Points 1 and 3 are about importing and exporting data, so working with the Attestation Tool is essentially point number 2. The tool has the form of a web application that can be run from any computer in a local network. It allows several users to work and deliver their input from different computers at the same time. The tool has been built for speed. It presents information to the users in such a way that quick evaluation is possible. When user actions are needed, especially the frequent ones, those can be performed from the keyboard, since this allows for faster responses than clicking the mouse on screen buttons.This way, when the automatic matching has worked out reasonably well, users can very easily scan through the results, quickly correct some mishaps and hit the spacebar to get the next lemma.

Technical overview

The Attestation Tool is based on a LAMP[2] architecture.

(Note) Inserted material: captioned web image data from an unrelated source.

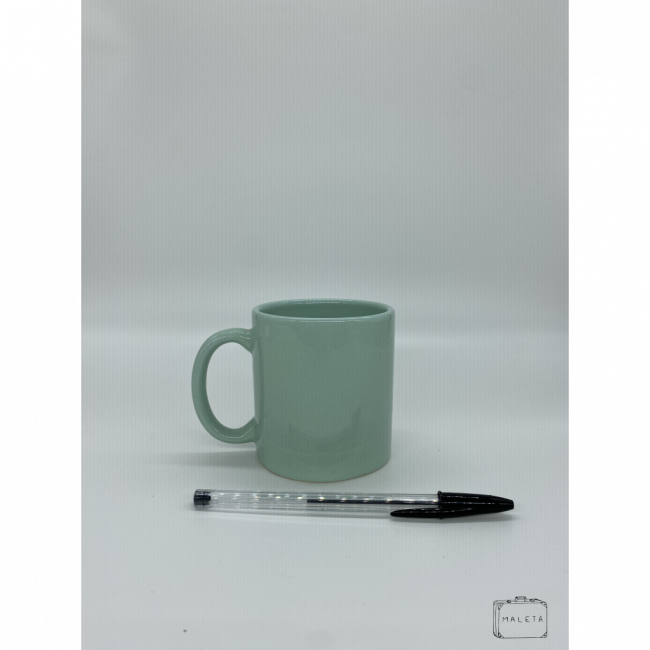 CANECA SIMPLES VERDE ÁGUA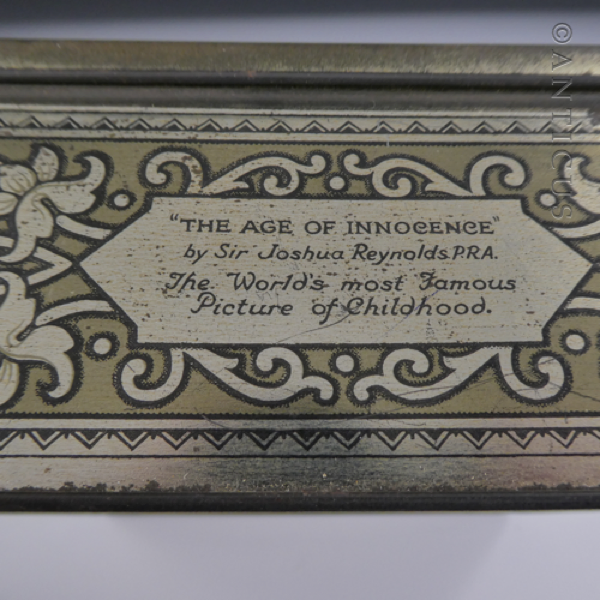 Vintage Thorne's Toffee Tin, "The Age of Innocence".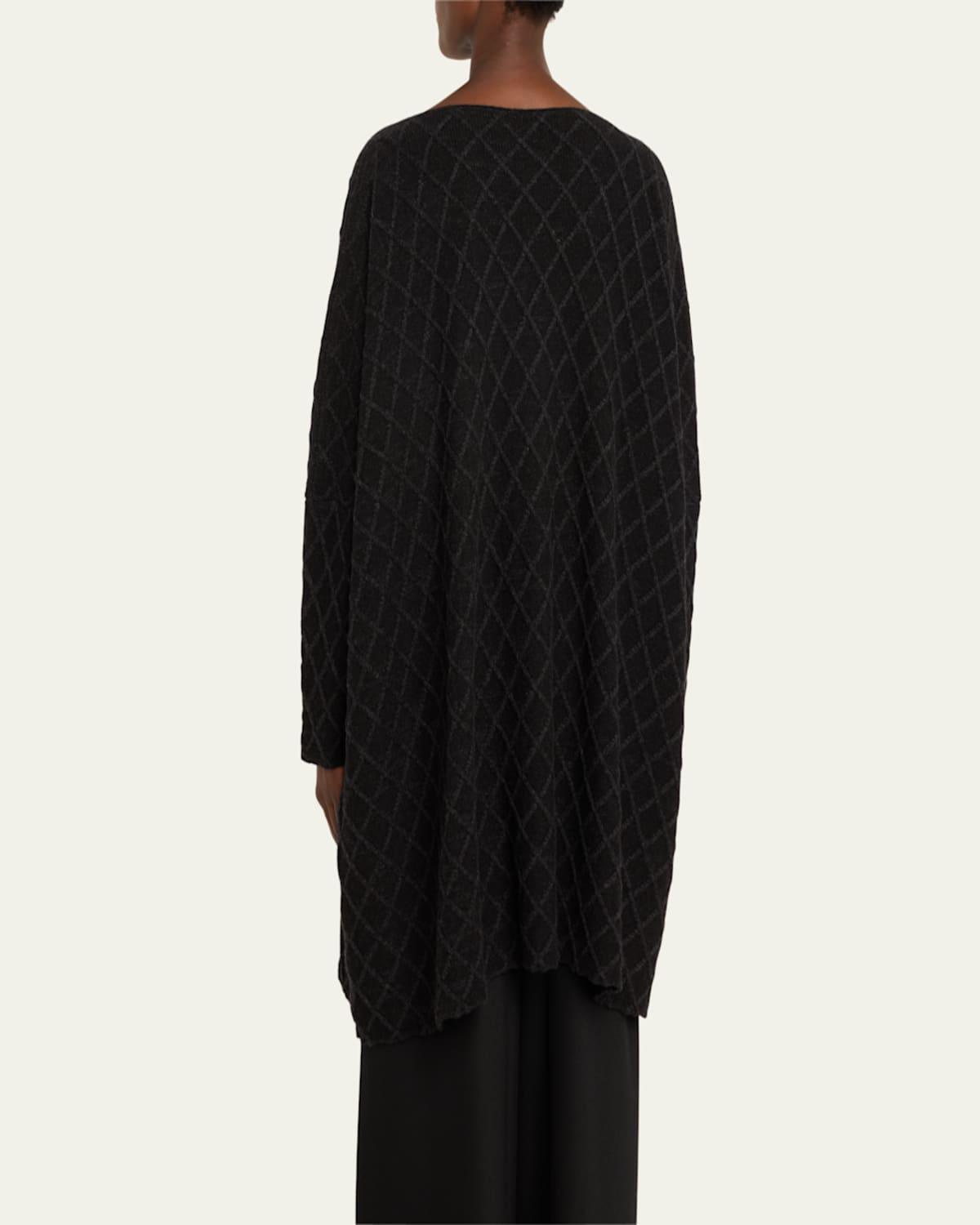 Square Slim Sleeve Sweater (Long Plus Length)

It is an AJAX application designed for Mozilla Firefox (other browsers may work as well, but are discouraged). It uses a MySQL database, and is written in PHP, Perl and Javascript.The interface consists of just one PHP-page: attestationTool.php. It is a so-called rich Internet application which means that it uses AJAX to communicate with the database server and display the results.

Users will need a web browser to access the application. We tested the user interface on all Mozilla Firefox versions from 3.0.5 on, running on MS Windows 7 computers.

Hardware requirements

The application consists of an application and a database. It is considered good practise to install the two components on separate servers. The first one (which will house the PHP and Perl code) is the application server, and the second one will act as the (MySql) database server.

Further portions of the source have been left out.